Maafkan aku..yang mendiamkanmu berhari-hari
Aku telah memaafkanmu tapi tidak melupakan yang pernah kurasakan dan kualami.
Terlalu mudah rasanya ucapan maaf itu kudengar. Bagiku ucapan itu tidak penting. Toh aku sudah telanjur terluka dan kecewa, dan itu tidak bisa hilang dengan hanya kata MAAF. Butuh lebih dari sekedar permintaan maaf, butuh sikap dewasa dan perubahan. Sepanjang itu tidak ada perubahan, bagiku maaf adalah suatu kata yang basabasi ga berarti. Maaf lalu terulang lagi…

Jika suatu hari nanti aku meninggal untuk selamanya, biarlah kenangan yang buruk saja yang ada dalam ingatanmu supaya tidak ada rasa sedih atas kepergianku..ah tentu saja engkau tidak sedih kutinggalkan selamanya, mungkin kau berharap aku secepatnya pergi selama-lamanya sehingga lepas lah bebanmu karena bertahan menikah dengan orang yang tidak bisa membuatmu lega, bahagia dan nyaman. Dan tentu saja kau bisa menikah lagi setelah aku pergi selamanya tanpa perasaan bersalah dan malu karena perpisahan ini disebabkan oleh kematian bukan oleh perceraian.

Jauh kembali ke belakang jaman kuliah sekitar 16 tahun lalu, saat menunggu waktu jam kuliah berikutnya teman sebelahku bertanya padaku. Apa rencanaku ke depan, kapan aku menikah?aku kaget2 mendengar pertanyaannya. Waktu itu aku masih tingkat 2, belum terpikir sama sekali tentang nikah. Pacaran juga tidak. No man in my life at that time. Pikiranku hanya lulus, lanjut sekolah, kerja karier. Nikah??? Masuk dalam kamus prioritas tidak sedikitpun…J setelah kujawab temanku sebangku tidak bertanya2 lagi tentang menikah. Setelahnya aku baru tahu mungkin saat itu dia ingin menjodohkan aku dengan seseorang. Memang waktu itu masanya taaruf, menikah tanpa pacaran. Aku memang sudah berhijab lebar, tapi bagiku hal itu tidaklah menarik. Aku tidak ingin dijodohkan karena aku bisa mencari sendiri jodohku.
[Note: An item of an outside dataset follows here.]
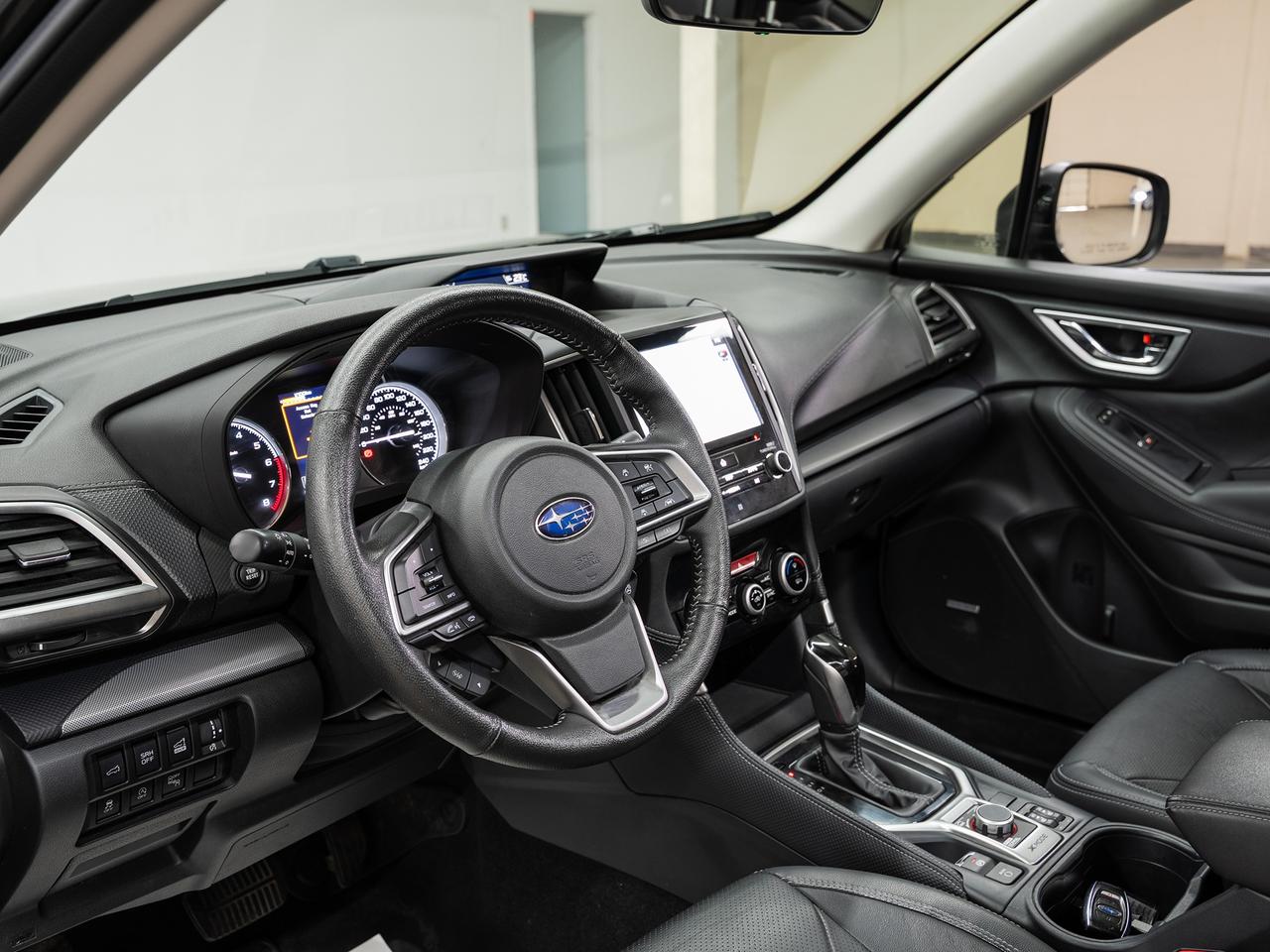 2019 Subaru Forester LIMITED AWD | EyeSight Pkg | Pano roof | CarPlay Photo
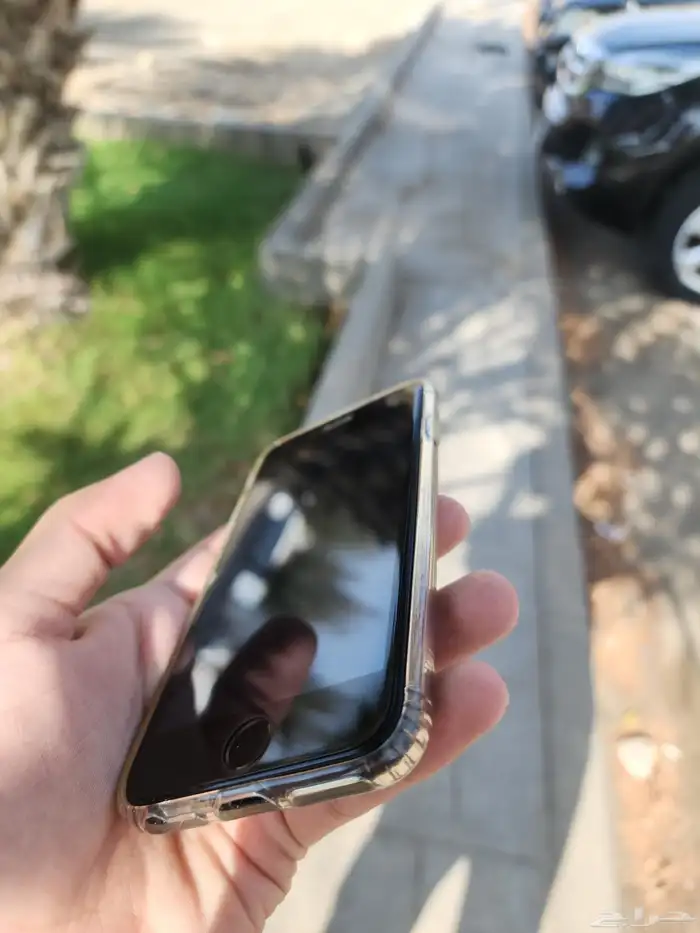 آيفون 7 العادي 128 قيقا iPhone 7 128GB 1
Waktu berlalu, jalan hidup hanyalah sekedar rencana, tetap saja realisasinya Allah yang menentukan. Allah mentakdirkan aku menikah setahun setelah aku lulus kuliah D3 saat umurku 22 tahun.  Terlalu cepat memang, aku juga tidak tahu kenapa aku setuju menikah saat itu. Apakah karena aku sudah menemukan tambatan hatiku. Terusterang aku tidak tahu kenapa aku mau menikah. Terlalu berliku2, pikiranku hanya sederhana saja, ada laki2 yang serius mengajak nikah dibanding laki2 lain yang hanya berani kirim surat, puisi ga jelas arahnya kemana J cinta aku tidak tahu..

Aku menikah, tinggal di Aceh ikut dengannya, punya anak pertama perempuan cantik..lalu kembali ke Jakarta, lanjut kuliah, punya anak kedua laki2 ganteng..lalu kerja punya anak ketiga perempuan cantik.
Dalam masa-masa itu begitu banyak kejadian yang membuat sebagian kepribadianku berubah. Entahlah kenapa, bisa jadi karena sebagai bentuk protesku atas ketidakadilan dan kenyamanan yang tidak kudapatkan, akhirnya aku sanggup juga melakukan hal2 yang ekstrem yang tidak pernah terduga dan terpikirkan sama sekali.

Ah ternyata berumahtangga itu sangat sangat butuh modal kesabaran tingkat tinggi dan kedewasaan tingkat malaikat untuk bisa berlayar hingga tujuan dengan selamat. Tidak hanya modal cinta, nekat atau apalah. Butuh kedewasaan dan kesabaran sekali lagi. Dan itu tidak mudah. Saat benci, kecewa, sedih melanda, saat goyah, saat bosan, saat marah silih berganti menghampiri saat itu dewasa dan sabar diperlukan.  Baru aku tahu makna, menikah itu ibadah, menikah itu menggenapkan separuh agama. Kalau aku tahu menikah itu berat, mungkin aku tidak akan memilih menikah waktu itu bahkan lebihbaik aku sendiri sampai aku mati tanpa perlu menikah jika hanya membuatku kecewa dan tidak bahagia.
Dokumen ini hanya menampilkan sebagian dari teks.